Под руку, счастливые, они прошли к автомобилю. И поехали на Порчестер Клоуз. Лесли Мейсон услышал, как отворилась парадная дверь, и вышел в прихожую, сбежала по лестнице Пэтси и кинулась в объятия брату.
— Идем ко мне в кабинет, глотни спиртного. У меня там виски. Ты, должно быть, отчаянно промерз.
Чарли достал из кармана пальто два флакона духов, которые привез матери и Пэтси. Их выбрала Лидия.
— Я привез их контрабандой, — с торжеством объявил он.
— Теперь эти две женщины будут благоухать, точно публичный дом, — расплывшись в улыбке, сказал Лесли Мейсон.
— Я привез тебе галстук от Шарве, па.
— Яркий?
— Очень.
— Отлично.
Все расхохотались, очень довольные друг другом. Лесли Мейсон налил немного виски и настоял, чтобы жена выпила, а то еще захворает.
— Были у тебя какие-нибудь приключения, Чарли? — спросила Пэтси.
— Ни единого.
— Лгунишка.
— Ну, ты нам все про все расскажешь потом, — сказала миссис Мейсон. — А сейчас пойди прими хорошую горячую ванну и переоденься к ужину.
— Для тебя все готово, — сказала Пэтси. — Тебе остается только развести в ванне ароматическую соль.
С ним обращались так, словно он только что вернулся с Северного полюса после неимоверно трудного путешествия. И сердце его ликовало.
— Хорошо вернуться домой? — спросила мать, глаза ее светились любовью.
— Замечательно.
Но когда Лесли, еще не окончательно одевшись, зашел к жене поболтать, пока она приводит в порядок лицо, она встревожено обернулась к нему.
— Он ужасно бледный, Лесли, — сказала она.
— Немного утомлен. Я и сам заметил.
— Он так осунулся. Мне это сразу бросилось в глаза когда он вышел из вагона, но только дома я его как следует разглядела. Он белый как полотно.
— Через день-другой отойдет. Должно быть, гульнул. По его виду я полагаю, он не одной красотке помог отложить деньжат на почтенную старость.

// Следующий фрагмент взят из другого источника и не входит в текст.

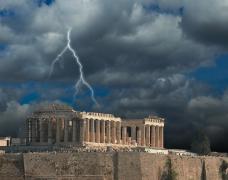 Turiştii români, întâmpinaţi în Grecia cu vreme rea şi fenomene extreme. Prognoză meteo alarmantă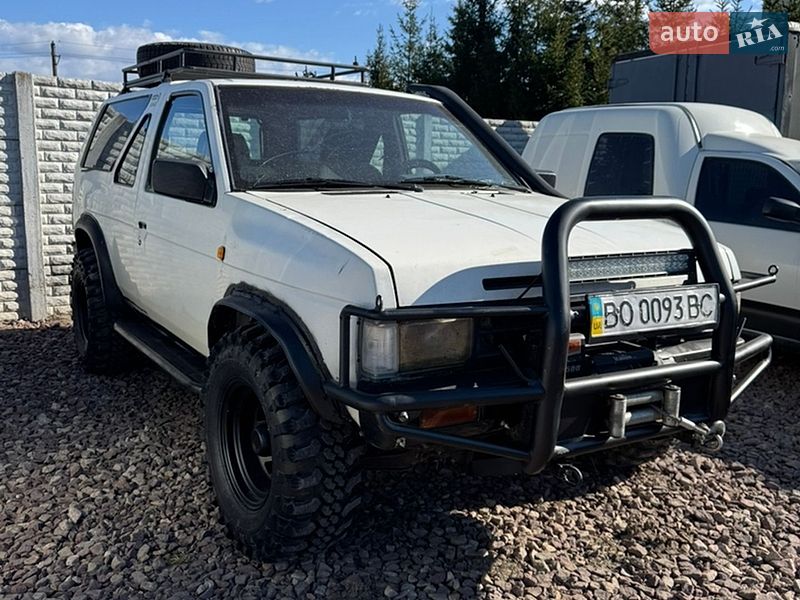 Nissan Terrano 1988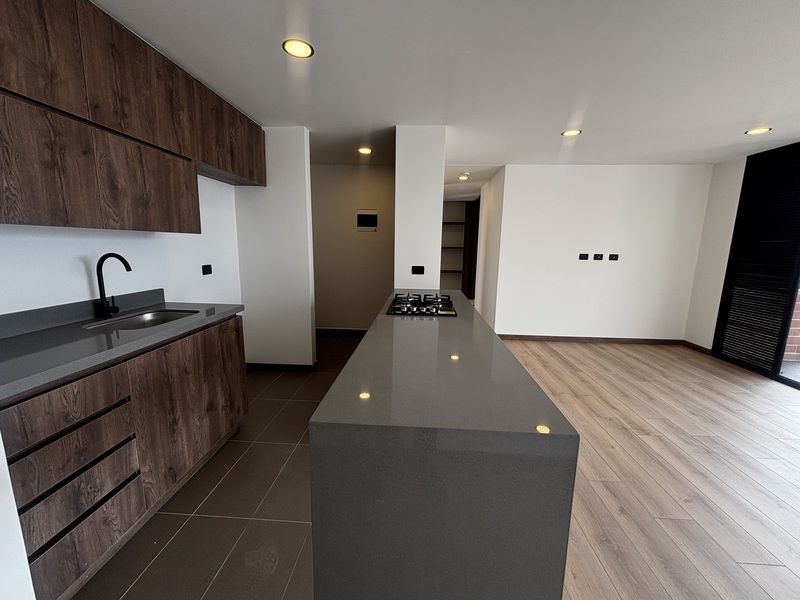 Apartamento en arriendo Antioquia Envigado Trianon 85 m2 Habitaciones 3 Baños 2 Garajes 2 Precio $4400000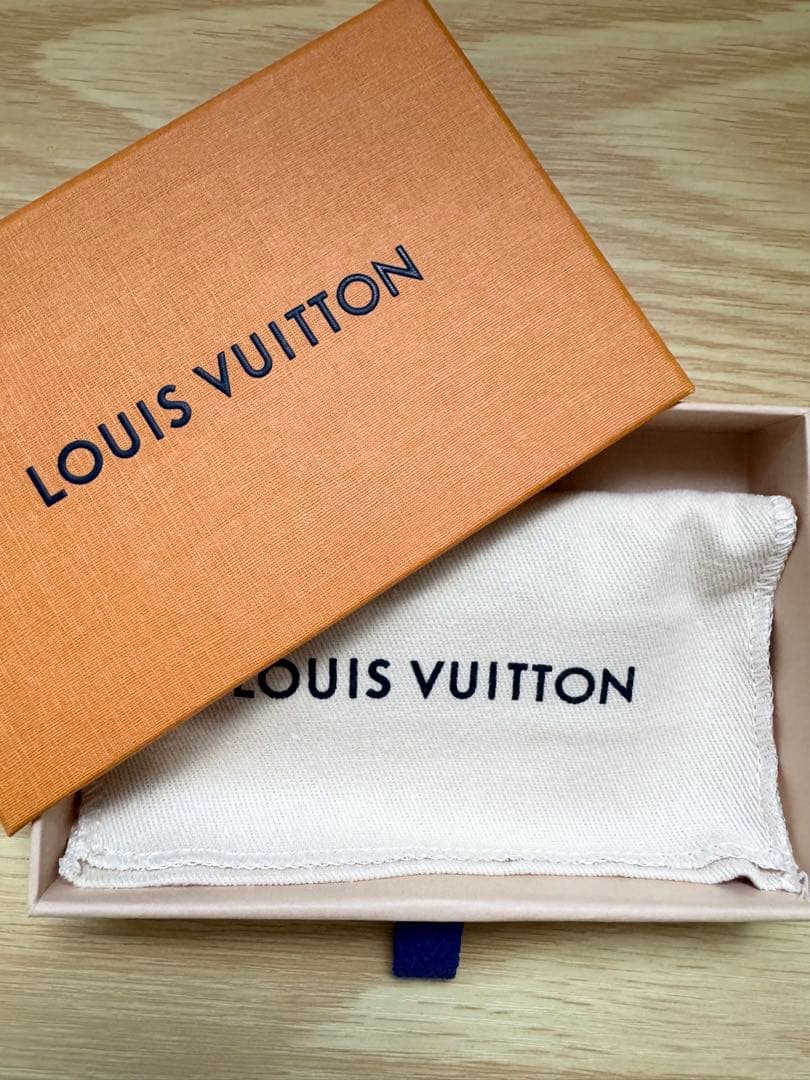 【LOUIS VUITTON 】ルイヴィトン ポルトクレドラゴンヌ　 キーリング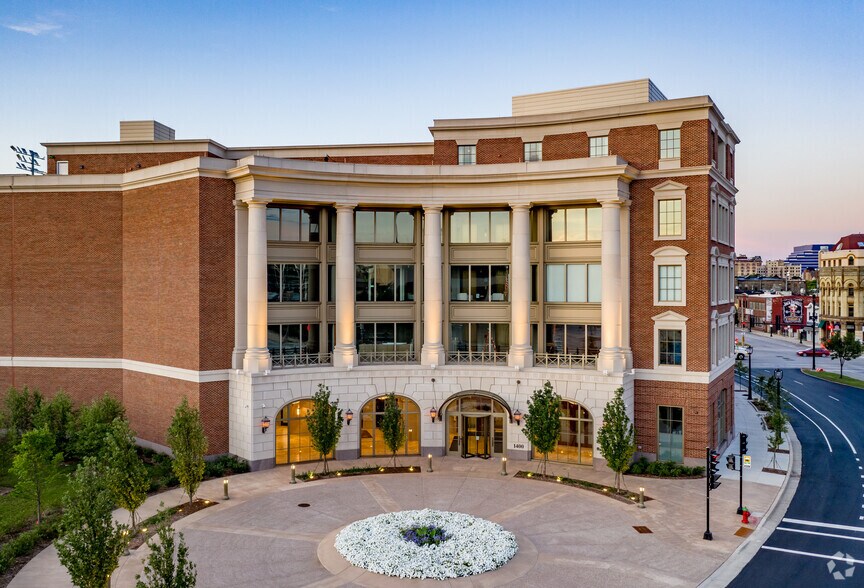 More Photos Of 1400 N Water St, Milwaukee Office For Lease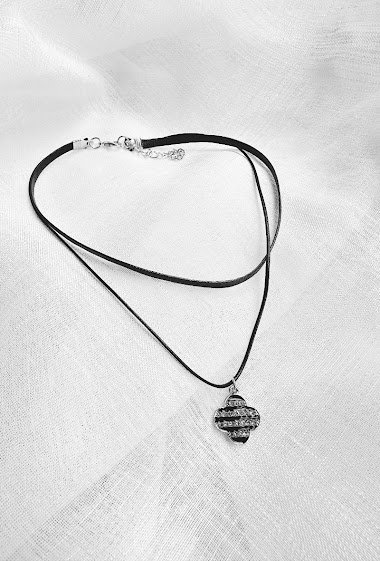 Großhändler D Bijoux - Necklace choker pendant black stripe clover and rhinestones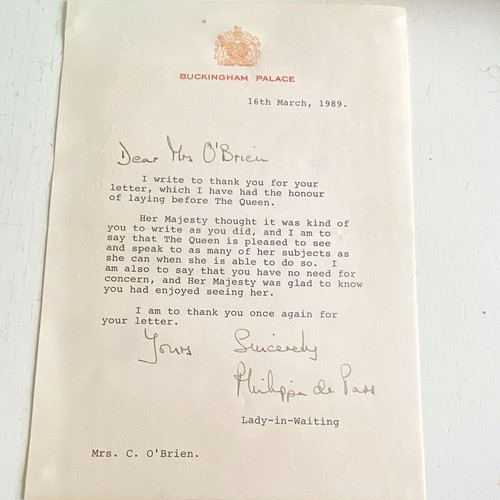 Buckingham palace signed - palace,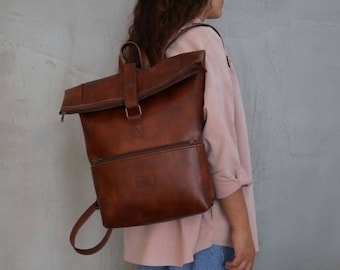 Vegan Leather Backpack,Roll Top Rucksack,Brown leather Bag,Water resistant Rucksack,Large Daypack, Camera Backpack,Laptop Zipper Bag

Миссис Мейсон сидела у туалетного столика в китайском жакете, отороченном белым мехом, и старательно подводила карандашом брови, но при этих словах мужа резко обернулась.
— Ты что хочешь этим сказать, Лесли? Не хочешь же ты сказать, что он развлекался с этими мерзкими француженками?

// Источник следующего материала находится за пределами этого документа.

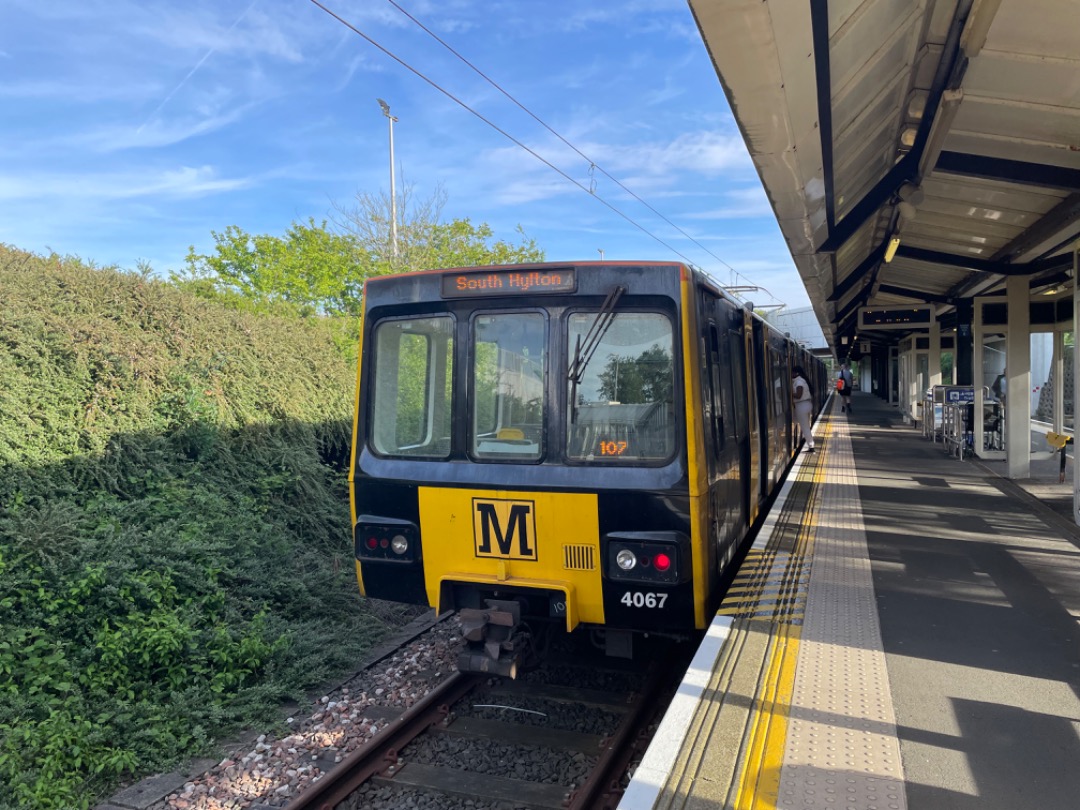 Andrea Worringer on Train Siding: Went to Newcastle to have one last ride on the old metro trains before the new ones finally enter service.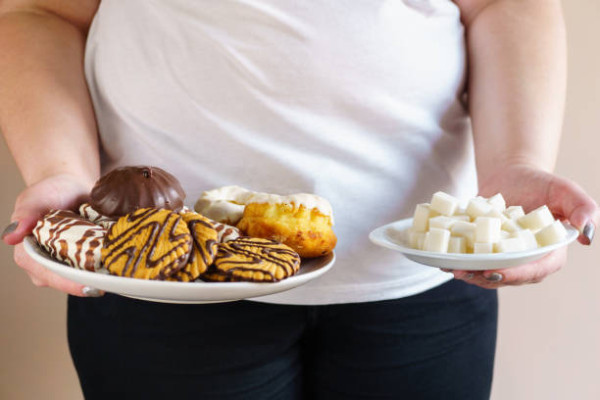 眼中風症狀｜視力模糊恐是視網膜動脈閉塞！醫生揭0痛感致盲 病發心臟病風險高44倍 附4大高危人士/護眼食物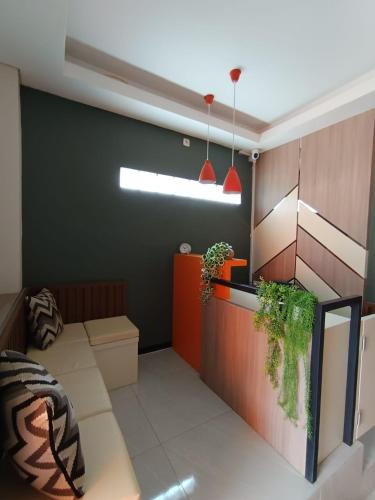 Behomy Inn Malang near Train Station Belimbing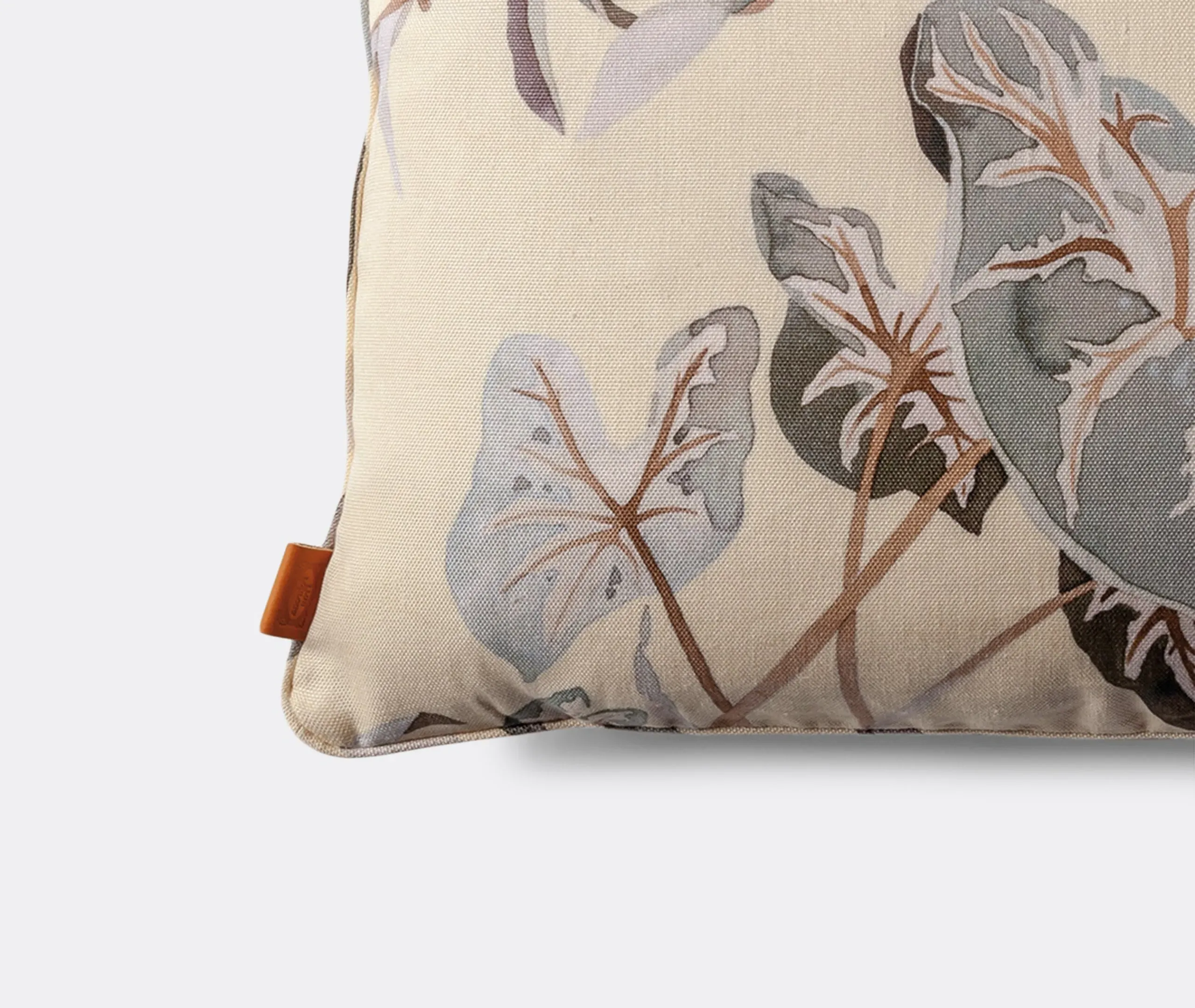 Decorative Cushion with Piping - Clay, Linen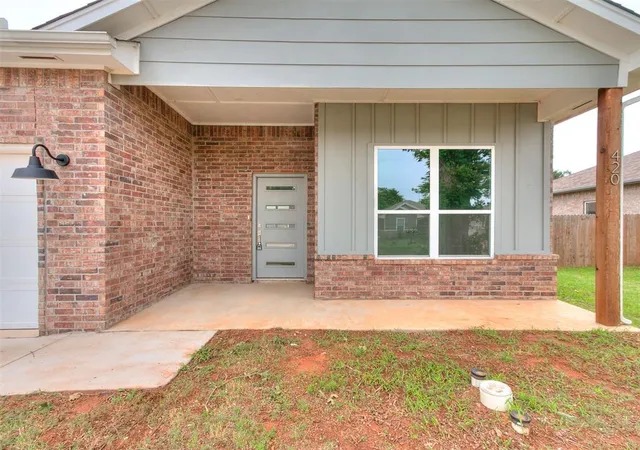 Photo 3 of Single family home for sale at 420 Remington Ave, Jones, OK 73049 | MLS# 1244548 | Listing updated on 2026-08-15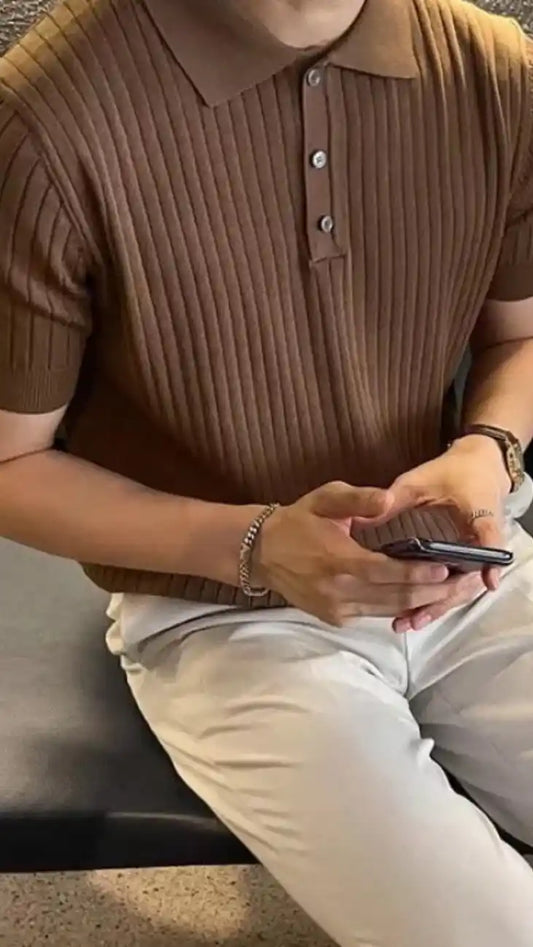 Men’s Ribbed Brown Knit T-Shirt with White Trousers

— Ну оставь, Винития. Для чего, по-твоему, он поехал в Париж?
— Посмотреть картины, повидать Саймона, ну, и просто съездить во Францию. Он же еще мальчишка.
— Не говори глупости, Винития. Ему двадцать три года. Надеюсь, ты не думаешь, что он девственник?
— Все мужчины омерзительны, вот что я думаю.
Голос ее сорвался, и, видя, что она не на шутку огорчилась, Лесли с нежностью потрепал ее по плечу.
— Милая, ты же не хочешь, чтобы твой единственный сын был евнухом, правда?
Миссис Мейсон и сама не знала, смеяться ей или плакать.
— Да нет, наверно, не хочу, — хихикнула она.
Полчаса спустя Чарли, не в самом парадном смокинге, с особым удовольствием, сел за стол в стиле чиппендейл с отцом в бархатном пиджаке, с матерью в свободного покроя розовато-лиловом шелковом платье и с Пэтси, как и положено девице, в розовом шифоне. Георгианское серебро, затененные свечи, кружевные салфеточки, купленные Винитией Мейсон во Флоренции, хрусталь — все было красиво, но главное, так знакомо. Картины на стенах, каждая со своей подсветкой, были вполне хорошие; и две горничные в аккуратной коричневой форме прибавляли еще один штрих. Все рождало ощущение защищенности, приятную уверенность, что внешний мир отсюда далек. Простая добротная пища рассчитана на здоровый аппетит, от нее не потолстеешь. В камине электрический костер с успехом изображает горящие поленья. Лесли Мейсон взглянул на меню.
— Вижу, ради возвращения блудного сына мы закололи жирного тельца, — сказал он, лукаво посмотрев на жену.
— Ты хорошо ел в Париже, Чарли? — спросила миссис Мейсон.
— Вполне. Я, знаете ли, не ходил по шикарным ресторанам. Мы обычно ели в ресторанчиках и в кафе Латинского квартала.
— А кто же это «мы»?
Чарли на миг замялся, покраснел.
— Да я обедал с Саймоном.
Был такой случай. Своим ответом он скрыл правду, но и не соврал. Миссис Мейсон перехватила многозначительный взгляд мужа, но не обратила на него внимания; с нежной любовью она все смотрела на сына, а тот, слишком бесхитростный, и не подозревал, что родители пытаются проникнуть ему в душу, разгадать тайны, которые он, быть может, там хранит.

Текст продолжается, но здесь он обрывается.